B. The Similarly Situated Requirement

The court must preliminarily determine whether the potential plaintiffs are "similarly situated" to create an opt-in class under § 216(b). See Grayson v. K-Mart Corp., 79 F.3d 1086, 1097 (11th Cir. 1996). A named plaintiff seeking to create a § 216(b) opt-in class must be suing on behalf of himself or herself and other "similarly situated" employees. Named plaintiffs seeking to create a § 216(b) opt-in class need only show that their positions are similar, but not identical to, the positions held by putative class members. Id. (quoting Sperling v. Hoffman-La Roche, Inc., 118 F.R.D. 392, 407 (D.N.J. 1988)), aff'd in part and repealed and dismissed in part, 862 F.2d 439 (3rd Cir. 1988), aff'd, 493 U.S. 165 (1989)). The similarly situated requirement of § 216(b) "is more elastic and less stringent" than the joinder and severance requirements found in Rule 20 and Rule 42 respectively of the Federal Rules of Civil Procedure. Id. at 1095.

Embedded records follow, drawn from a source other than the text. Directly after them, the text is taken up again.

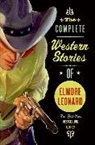 Elmore Leonard - The Complete Western Stories
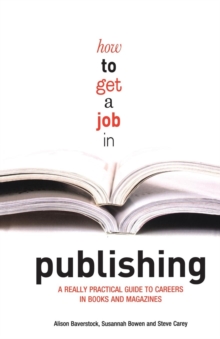 Image for How to get a job in publishing : a really practical guide to careers in books and magazines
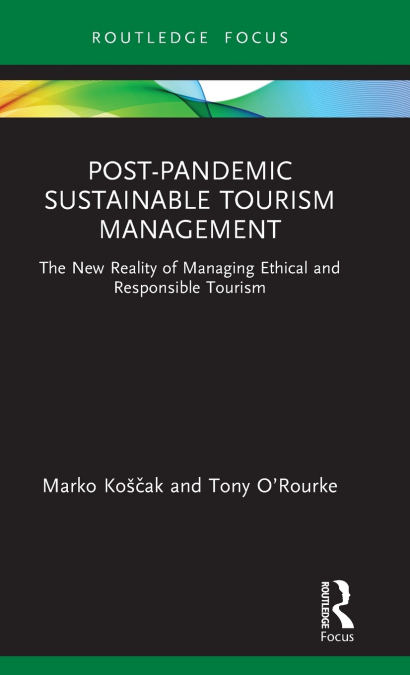 Post-Pandemic Sustainable Tourism Management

The FLSA does not define the term "similarly situated," and the Ninth Circuit has not yet formulated a test for courts to determine whether putative class members are "similarly situated." However, a number of courts, including this one, have adopted a two-step approach for determining whether potential plaintiffs are "similarly situated" for purposes of conditional class certification under § 216(b). This approach involves notification to potential class members of the representative action followed by a final "similarly situated" determination after discovery is completed. At the first, or "notice stage," the court relies "primarily on the pleadings and any affidavits submitted by the parties," [to decide] "whether the potential class should be given notice of the action." Leuthold v. Destination America, Inc., 224 F.R.D. 462, 466 (N.D. Cal. 2004). A fairly lenient standard applies to the first step determination and typically results in "conditional class certification" of a representative class. Id. at 467. A fairly lenient standard is applied because at the initial stage of a collective action case, the court has "minimal evidence" to make its determination.Mooney v. Aramco Services, Co., 54 F.3d 1207, 1213-14 (5th Cir. 1995); Kane v. Gage, 138 F. Supp.2d 212, 214 (D. Mass. 2001). At the initial notice stage, a plaintiff need only make substantial allegations that the putative class members were subject to a single decision, policy, or plan that violated the law. Mooney, Id. at 1214 n. 8. However, "a unified policy, plan, or scheme of discrimination may not be required to satisfy the more liberal `similarly situated' requirement of § 216(b)". Grayson, 79 F.3d at 1095. The majority of courts have adopted this two-tier approach. Leuthold, Id.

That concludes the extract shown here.